On a hazy day Thursday, scientists come to one of 26 stations in Utah to check the state’s air quality and it's located right on the grounds of an elementary school. There's a reason for that.
Next to the playground at Salt Lake's Hawthorne Elementary is where machines monitor and measure the junk that's in our air.
The Division of Air Quality picked this location because of its close proximity to those most affected by bad air: kids.
"I hate seeing the kids running around on the school ground out here and grabbing their inhalers,” said Neal Olson, an Environmental Scientist with the Division of Air Quality.
Olson regularly checks levels at the school location, It’s particularly important to him when the fires are raging. “Right now we're seeing a lot of effect from the smoke from the forest fires,” he said.
To show what he means, Olson pulls a piece of film from one of the monitors.

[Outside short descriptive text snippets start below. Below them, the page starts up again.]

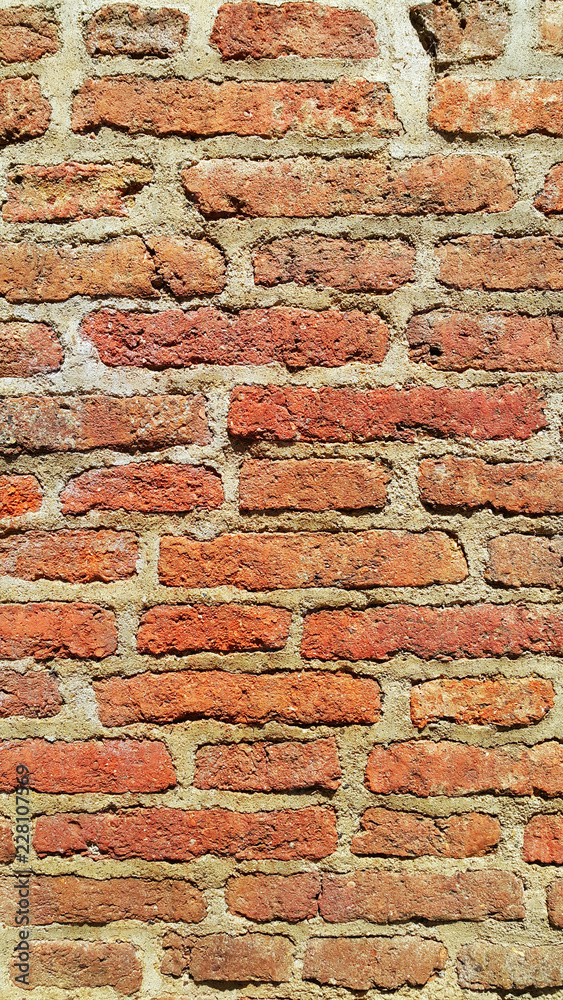 Obraz premium Texture of ancient red brick wall
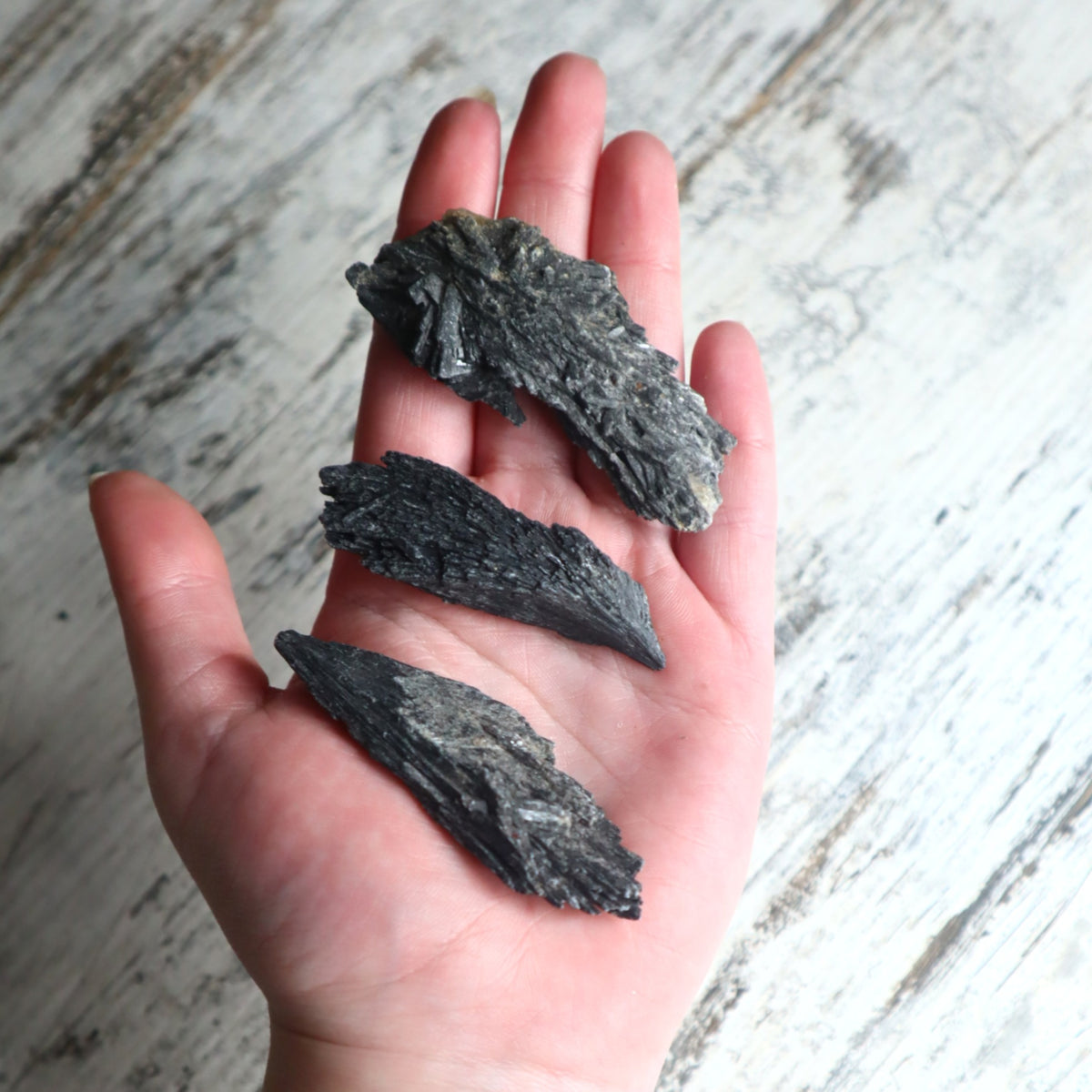 Black Kyanite Mini Cluster | Protection, Grounding &amp; Energy Alignment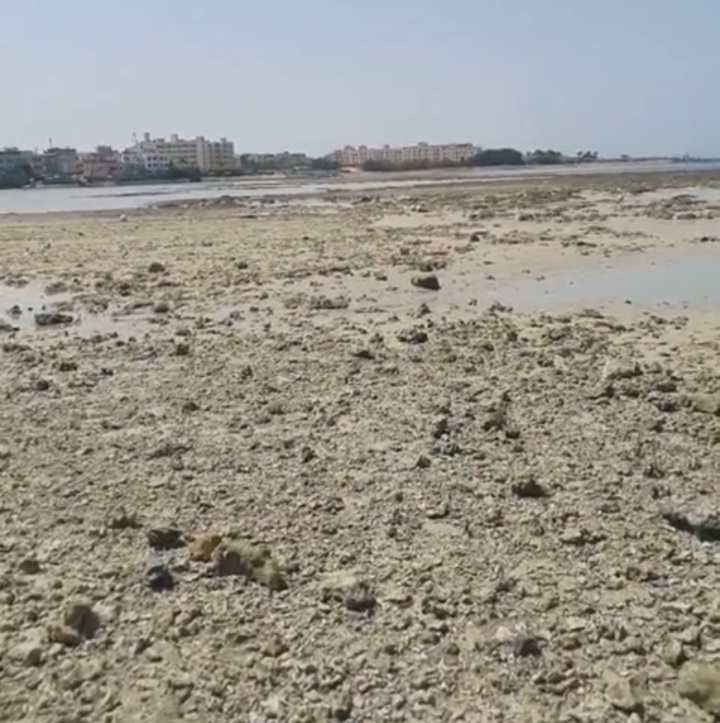 В Хургаде произошёл резкий уход воды, что повлекло за собой оголение дна пляжей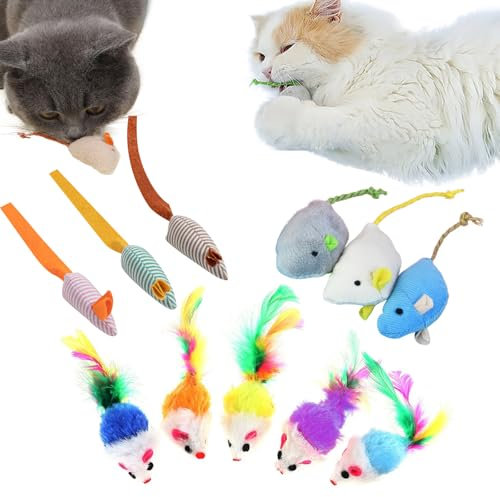 TYXHXTF 11 Pièces Jouet pour Chat - Coloré DrôLe Souris Petite, Peluches et Plumes - Petite Souris Queue Pet Jouet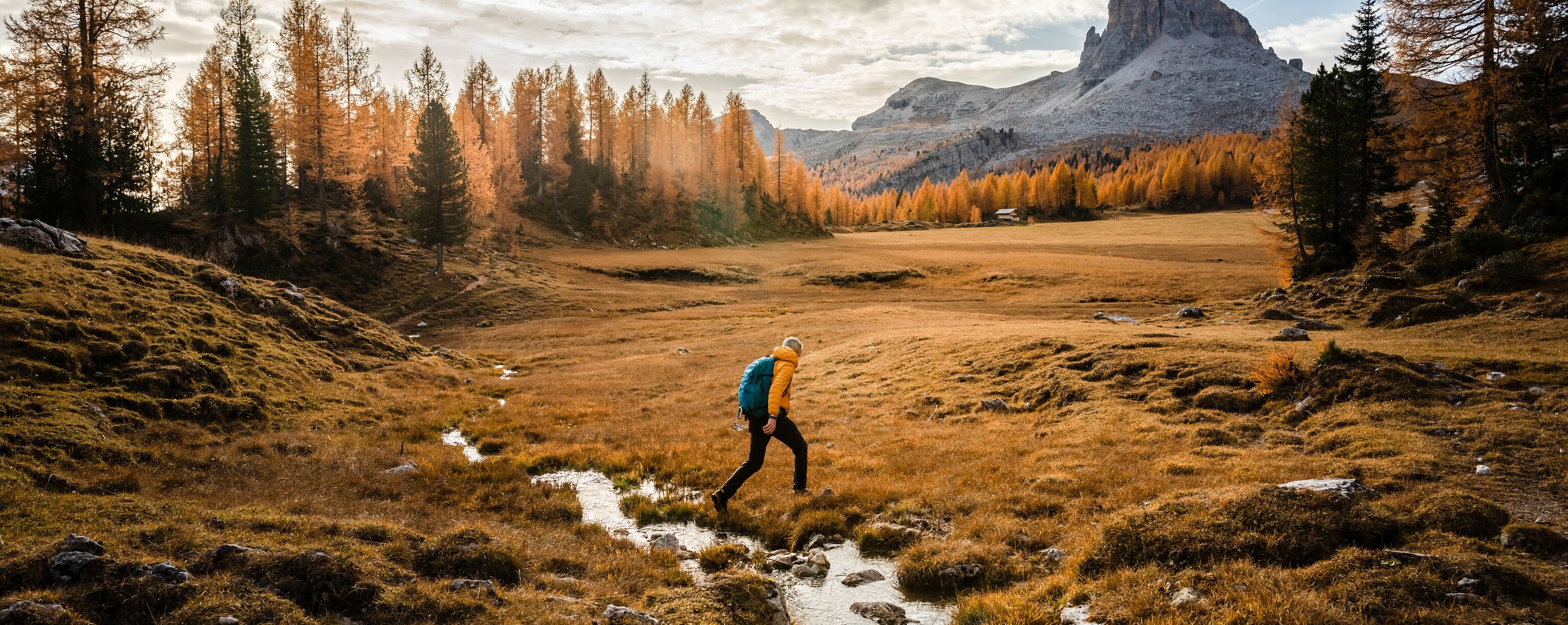 A hiker wearing a yellow jacket and a blue backpack walks through a golden autumn landscape with a small stream, surrounded by tall trees and a towering mountain peak in the background under a partly cloudy sky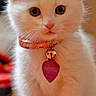 kitten, white_cat, collar, bell, heart_shaped_tag, pet, animal, cute, furry, indoor, close_up, sitting, young_cat, domestic_cat, portrait, feline, whiskers, floor, soft_light, curious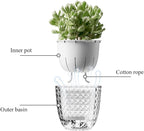 Self Watering Pots for Indoor Plants, Flower Pots, Self Watering Plant Pot-3pcs - Image 4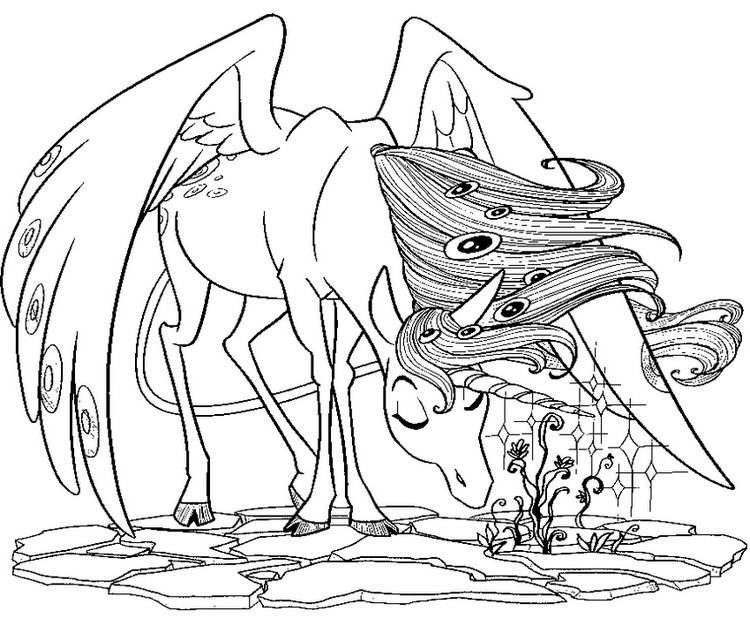 28 Mia And Me Coloring Pages Compilation Free Coloring Pages 750x619 28 Mia And Me Coloring Pages Compilation Free Coloring Pages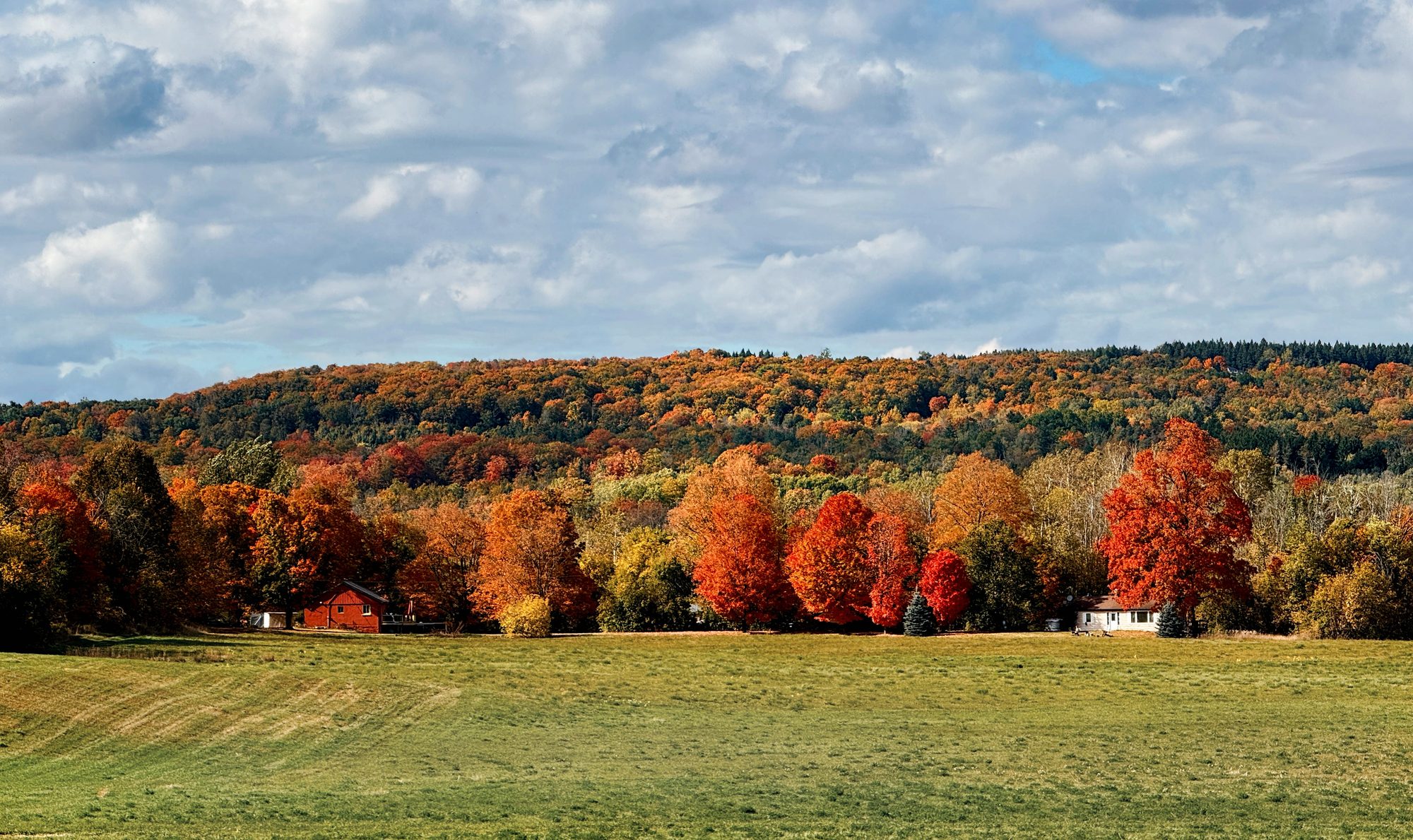 Fall colour at Forks of the Credit, Escarpment, 15 days ago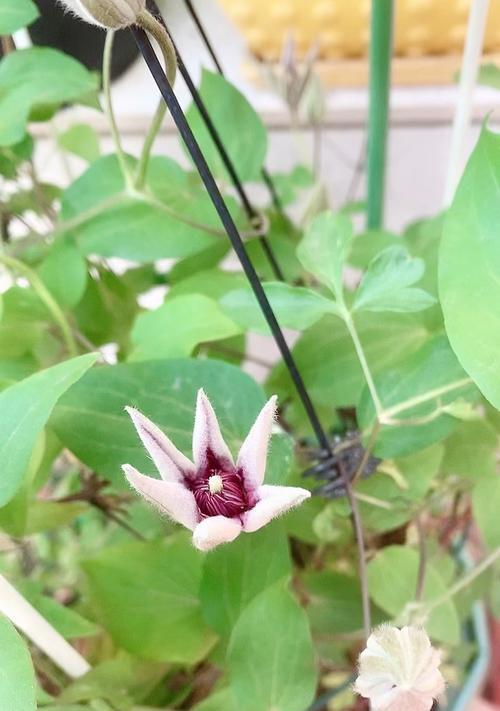 带花苞的铁线莲如何养护？带盆种植的注意事项有哪些？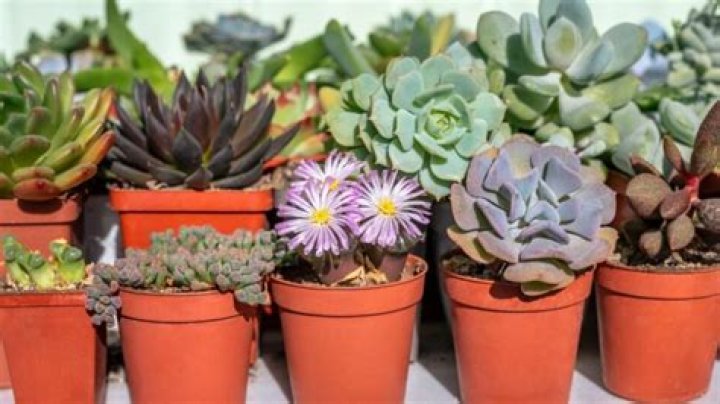 Where can I buy succulents in Abu Dhabi?
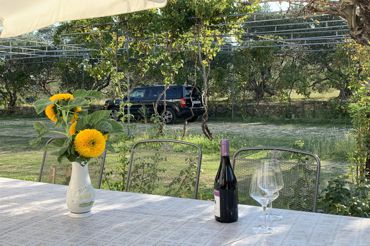 Terrace in front of the apartment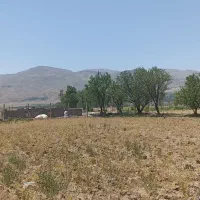 زمین زراعی 1400 متر روستای سرسبز یلداش آباد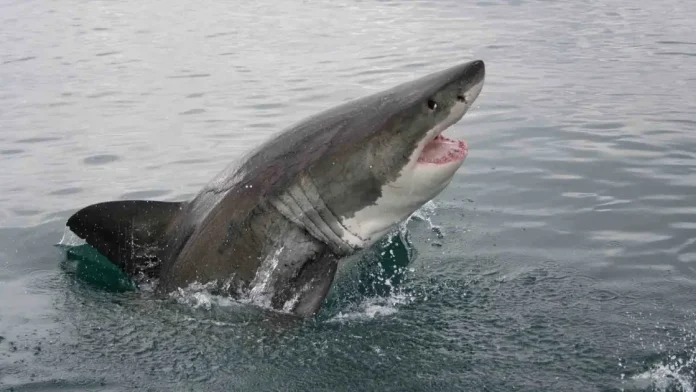 Τεράστιος καρχαρίας εγκλωβίστηκε στα ρηχά και λουόμενοι έτρεξαν να τον σώσουν (ΒΙΝΤΕΟ)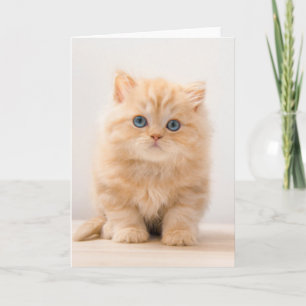 Kutest Baby Animals   Een Britse Longhair Kitten Kaart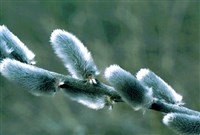 Ива тонкостолбиковая – Salix gracilistyla Miq.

It shows several dots which represent recent days. The spots range from light in color to dark: the darker the dot the more pollution in the air. There’s more dark than light spots on the film.
"Think of it as what you're breathing, what's going into your lungs is one of those black spots," he said.
The spots may seem alarming, but Olson said the levels haven't reached unsafe levels yet, and that smog in the sky? He said the sun illuminates the particulates, making it seem worse than it is.
But, that still doesn't make everyone breathe easy.
"I still think I can feel it,” said Lois Wolking, from Salt Lake City. “My eyes burn all the time and I don't feel good, so is that psychological? I don't think so."